Kezia Dugdale told a new BBC documentary she was “so mad about Brexit” she backed the party at the European Parliament election in 2019.
She said she had voted Labour at every election since.
Ms Dugdale was still a member of the Scottish Parliament at the time. She had quit as leader two years previously and had also announced she was quitting Holyrood.
But she did not formally stand down until two months after the European Parliament vote, which saw Labour lose both its seats in Scotland and poll at just 9%.
Ms Dugdale was speaking to a Radio 4 documentary exploring the fall of Labour in Scotland and its hopes for a major comeback at the next general election.
“I voted SNP once in my life and that was in the European Union elections immediately after Brexit, where I was so mad about Brexit,” she said.
“I felt I could vote for the SNP in that European Union election, because that in no way could be construed as a vote for independence.”
She added: “I voted Labour in every election since then.”
But her admission is a sign of how much trouble Labour faced in Scotland over several years following the independence referendum.
The programme – Labour’s Scotland challenge – charts the collapse in the party’s vote at the general election in 2015, when it was almost wiped out in Scotland. It lost 43 seats and returned just one MP from Scotland.
Ms Dugdale became party leader after that election and told the programme the challenges felt “existential” in the immediate aftermath.
She led the party until August 2017, when she resigned to “pass on the baton”.
Recent polls have suggested Labour could make a significant comeback in Scotland.
The programme reveals Labour believes 28 constituencies north of the border are “in play” – political shorthand for potentially winnable.
It will not take them all, but it is a sign of how Labour thinks its position in Scotland has changed fundamentally. Some argue they can beat the SNP at the general election.
Anas Sarwar – who has been leader of Scottish Labour since 2021 – told the programme: “People talk a lot about tipping points in the polls.
“I think the tipping point in Scotland is around 35% – if we get around 35% in the polls then we are in competition to beat the SNP.
“If I said that to anybody two-and-a-bit years ago, they would have thought I was deluded. But I have always believed that’s what we can do.”
Labour’s average polling at the moment sits at around 34%, according to elections expert Sir John Curtice.
Despite the SNP’s challenges, Scotland’s First Minister Humza Yousaf, told the programme he was optimistic about the general election.
“I don’t fear a general election at all. I see it’s a huge opportunity,” he said.

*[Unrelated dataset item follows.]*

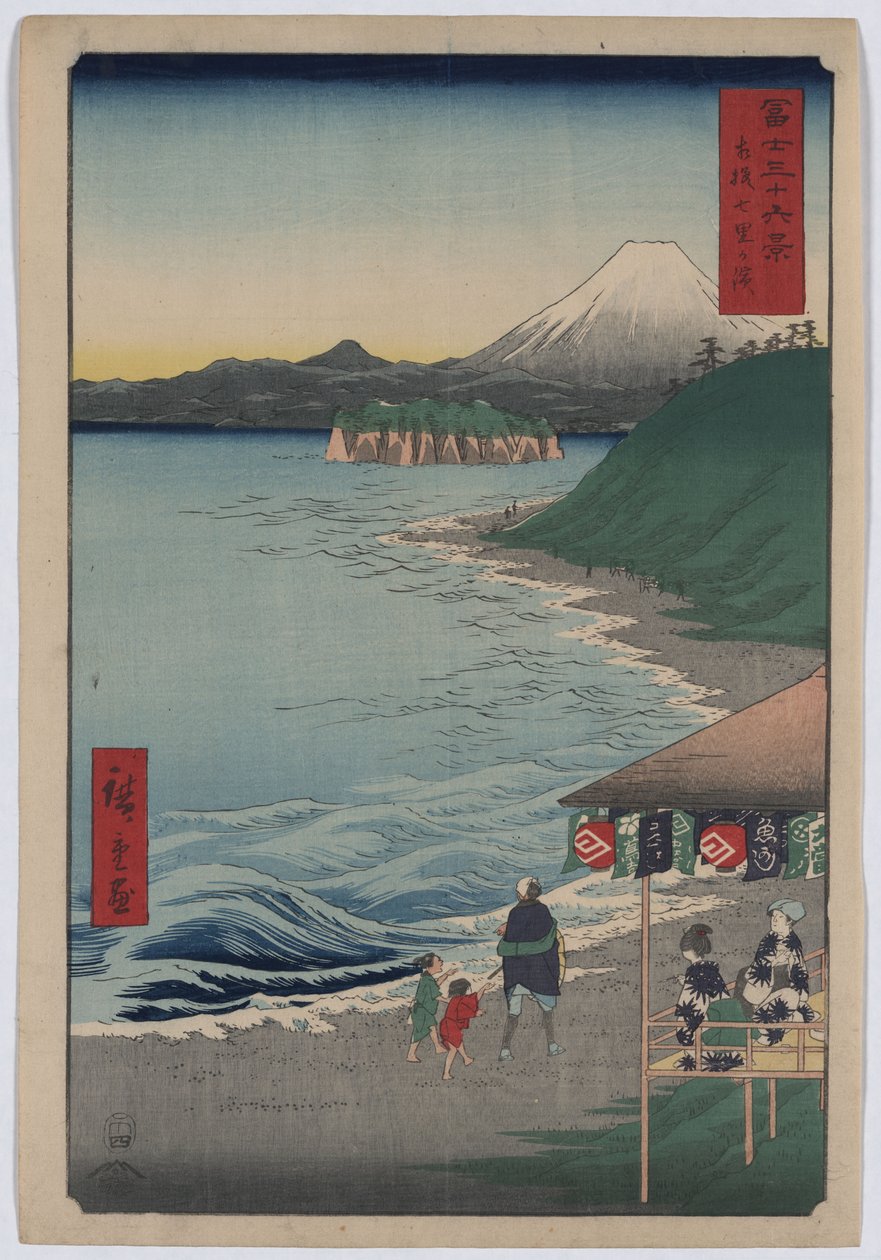 36 vedute del Monte Fuji - 19. La spiaggia dei Sette-Ri da Utagawa Hiroshige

“There’s no getting away from the fact that 2025 was a difficult year.
“I’m not going to treat you or your listeners as fools… but the general election presents an opportunity because ultimately a general election will be and should be a battle of ideas. And I think the SNP is strongest when it’s talking about policy.”

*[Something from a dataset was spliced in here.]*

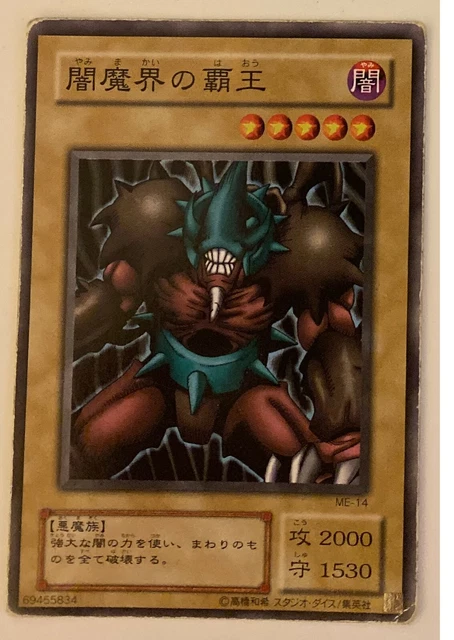 Yu-Gi-Oh! - Celtic Guardian (LCYW-EN003) - Legendary Collection 3: Yugi's World - 1st Edition - Super Rare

Conservative peer Ruth Davidson, who used to lead the Scottish Conservatives, told the programme Labour would benefit from a sense of 2024 being a “change” election.
But she also said the Conservatives could increase their seat tally in Scotland, despite poll woes across the UK.
“They expect to hold what they have, give or take boundary changes that exist,” she said.
“And they are targeting to try and put on a couple of seats across the country – and it’s realistic.”